Follow up – West County Density Units (County Commission Meeting – Feb 28th)

Dear Friends.  You may already have received the message below from the Friends of Cape Haze but in case you didn’t I’m forwarding again.  Thank you for your efforts and the amazing turnout.  This will make a difference on the Cape Haze Peninsula.

The County Commission on February 28 adopted an upper limit of 15 units/acre of density for the entire Cape Haze Peninsula/West County.  Properties currently at lower densities cannot get 15 automatically.  They will have to go through a land use or zoning change, but they will not be able to seek more than 15.  This is a very significant protection for the area.  

There are three properties with prior existing approvals that will still be able to seek up to 65 units/acre.  Citizens at the hearing strongly supported limiting all properties to 15, but the Commission eventually made clear that it fears a lawsuit involving  constitutional takings claims for those properties which already have some sort of grandfathered Compact Growth Mixed Use (CGMU) status if the possibility of 65 units is removed for them.  The properties are a small one on Placida Road in Grove City, the former Fishery property which has approval for 7-8 units per acre which Friends of Cape Haze supports, and the West County Town Center Property at Gasparilla Road and 776.

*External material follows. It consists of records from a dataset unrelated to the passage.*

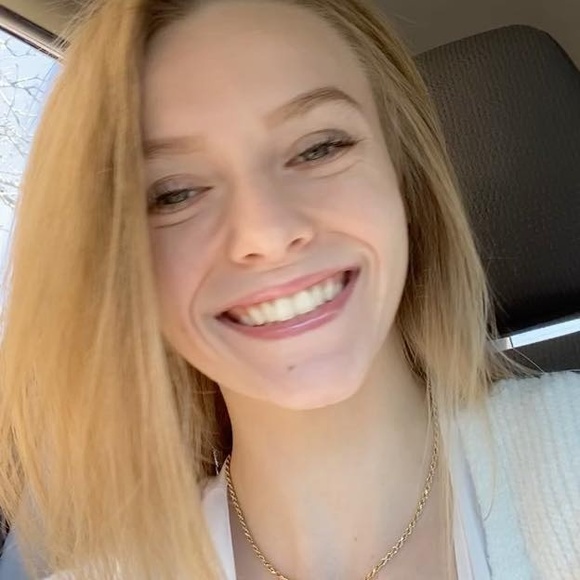 Meet your Posher, Haley - Picture 1 of 1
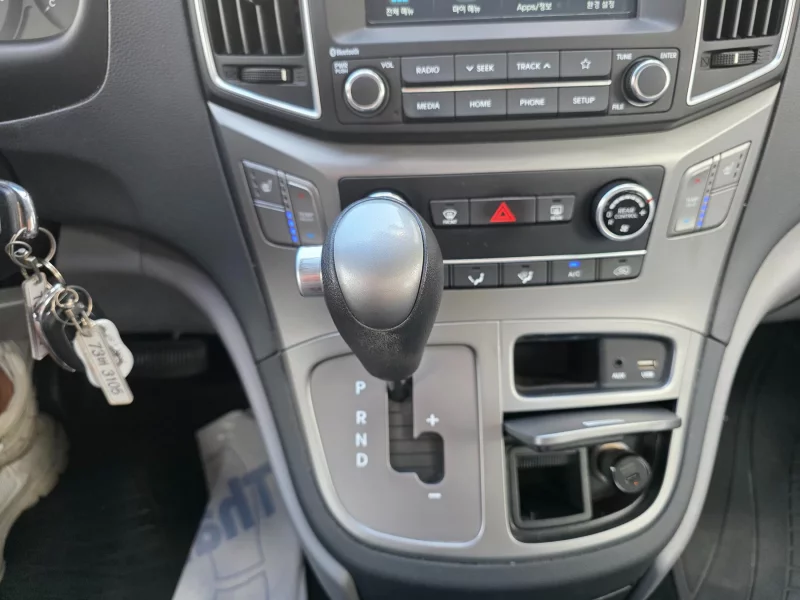 Hyundai Starex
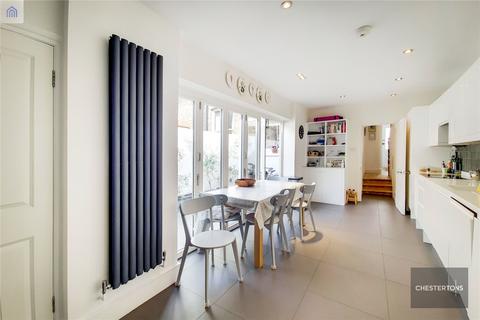 4 bedroom terraced house to rent, Standish Road, London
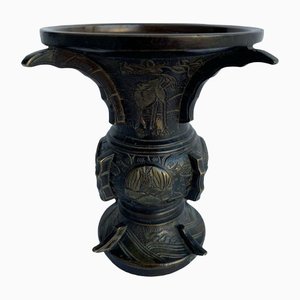 Vase Japonais en Bronze avec Dorure à Décor d'Animaux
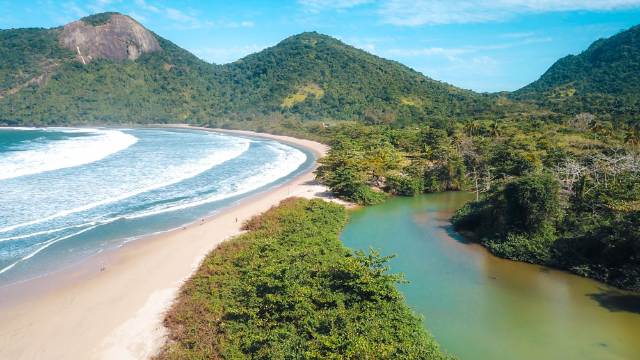 Dois Rios Strand / Ilha Grande - Dois Rios | Secret World Trip Planner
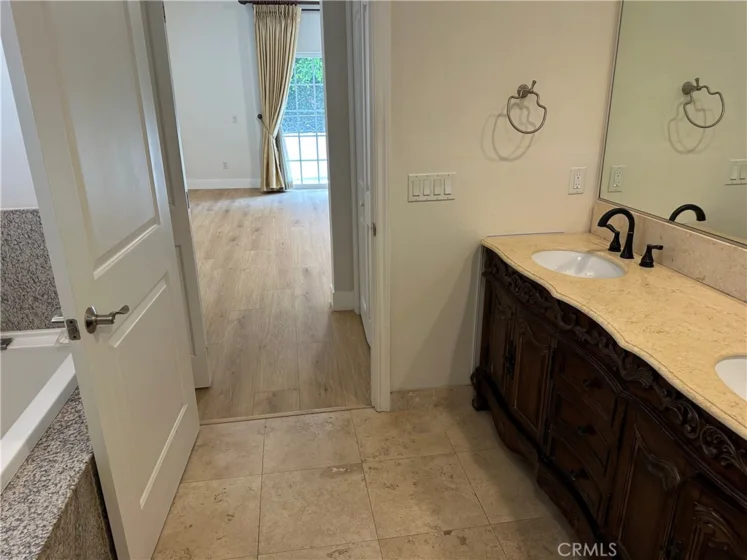 722 S Oxford Avenue #103 photo 17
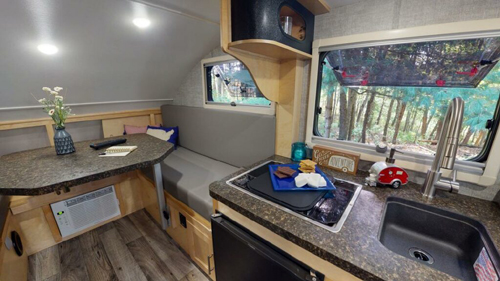 Micro-Max-Interior dine-Kitchen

The West County Town Center is somewhere between 1100 and 1300 acres and currently has approval for less than 4000 units.  In order to increase density at this site the developer will have to apply to the County for a change to its CGMU approval, and possibly also its zoning approval.  So it is not inevitable that this property will have a higher density, but citizens must be alert to any future effort to increase the density at this site.

We are so thankful to all the citizens who wrote the commissioners, came to the hearing (many wearing red) and made comments.  All of the comments were well thought out and well presented, including evacuation observations, comparisons to density in other large cities, comments on the likely effects of climate change, and data on the value of the local sportfishing industry supported by the tidal lagoons of West County.

We estimated the crowd at 150 to 200.  We know the Commissioners took notice.

One unfortunate period at the hearing had a commissioner criticizing attendees for being misinformed.  They were clearly not misinformed as the actual language of the ordinance proposal on the large screen at the front of the room made clear.  

Thank you for your overwhelming support.  And we hope we’ll all be on the lookout for any proposed change in the land use or zoning status at the West County Town Center.